The Hurricanes' entire football team practiced Wednesday, even though Shapiro's claims involve several current players. Coach Al Golden said it was too soon to take disciplinary action. His team opens the season Sept. 5.
Last week, Emmert led a group of university presidents in drafting an outline for change in college sports. The group included Miami president Donna Shalala.
"The serious threats to the integrity of college sports are one of the key reasons why I called together more than 50 presidents and chancellors last week to drive substantive changes to Division I intercollegiate athletics," Emmert said in his statement.
In the last 18 months, the football teams at Southern California, Ohio State, Auburn, Oregon, Michigan, North Carolina, Georgia Tech, and Louisiana State have been investigated or sanctioned by the NCAA.
Shalala said she was upset, disheartened, and saddened by Shapiro's allegations.
"We will vigorously pursue the truth, wherever that path may lead, and I have insisted upon complete, honest, and transparent cooperation with the NCAA from our staff and students," Shalala said in a statement.
Most cases are resolved in six to seven months, but more complex investigations take longer, an NCAA official said.
Shapiro was sentenced to prison in June for masterminding a $930 million Ponzi scheme, and was ordered to pay more than $82 million in restitution to investors. He gave 100 hours of jailhouse interviews to Yahoo Sports, the website reported.
NCAA investigators were on the Miami campus this week and have interviewed Shalala and Shawn Eichorst, who was hired as athletic director in April to replace Kirby Hocutt. Golden, the former head coach at Temple, is in his first year as Miami's coach after Randy Shannon was fired. He said he is eager to obtain answers quickly, in part so his players don't repeat mistakes.
"If they were exposed to Mr. Shapiro, clearly we have to make sure we prevent that going forward," Golden said.
Yahoo Sports published its story Tuesday, saying that in addition to interviewing Shapiro over 11 months, it audited thousands of pages of financial and business records to examine his claims, some involving events of nearly a decade ago.
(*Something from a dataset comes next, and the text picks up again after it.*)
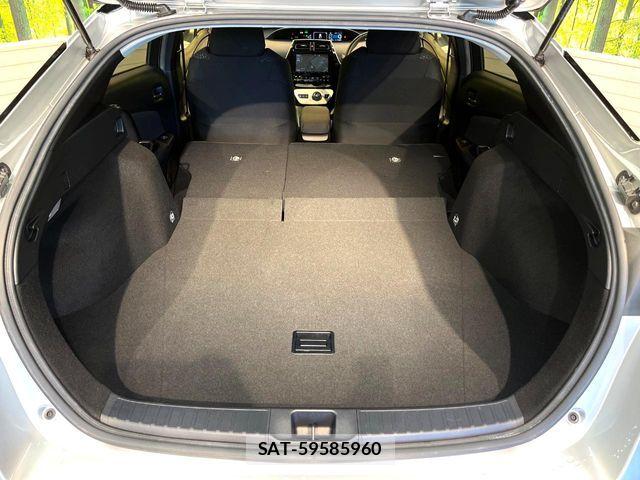 Toyota PRIUS 2017-02 8745286-10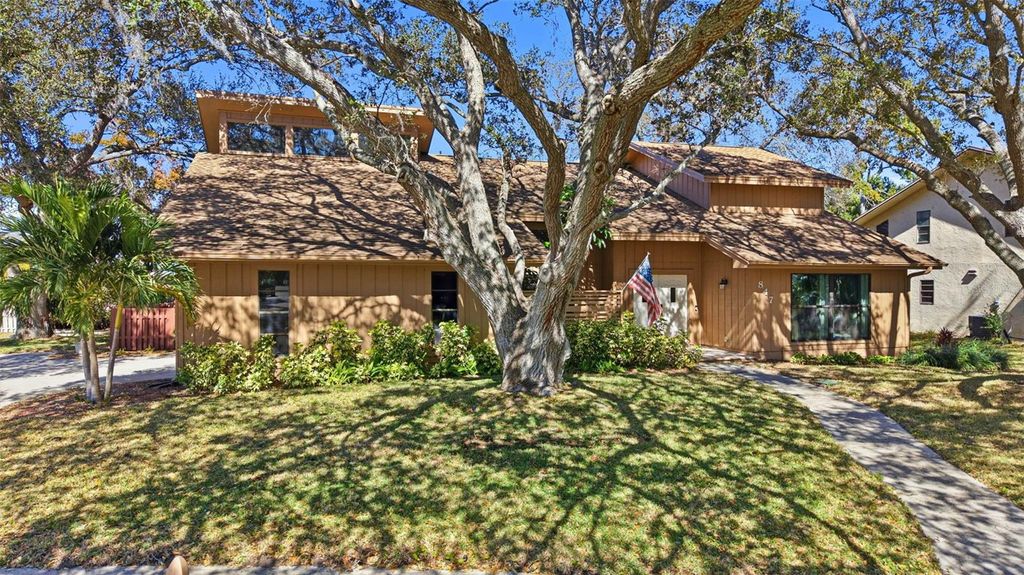 Photo of 847 Hillside Drive, Palm Harbor, FL 34683 (MLS # TB8472928)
A person familiar with the situation said much of Shapiro's access to Hurricanes programs in recent years was approved by Hocutt, who is now at Texas Tech. Hocutt, the person said, allowed Shapiro on the sideline before football games at times during the 2008 season, and invited him to select gatherings reserved for the athletic department's biggest donors.
In a statement, Hocutt said Shapiro was treated like other members of the Hurricane Club.
Larry Coker, who coached the Hurricanes in 2001-06, said he had not been contacted by the NCAA or Miami about the investigation.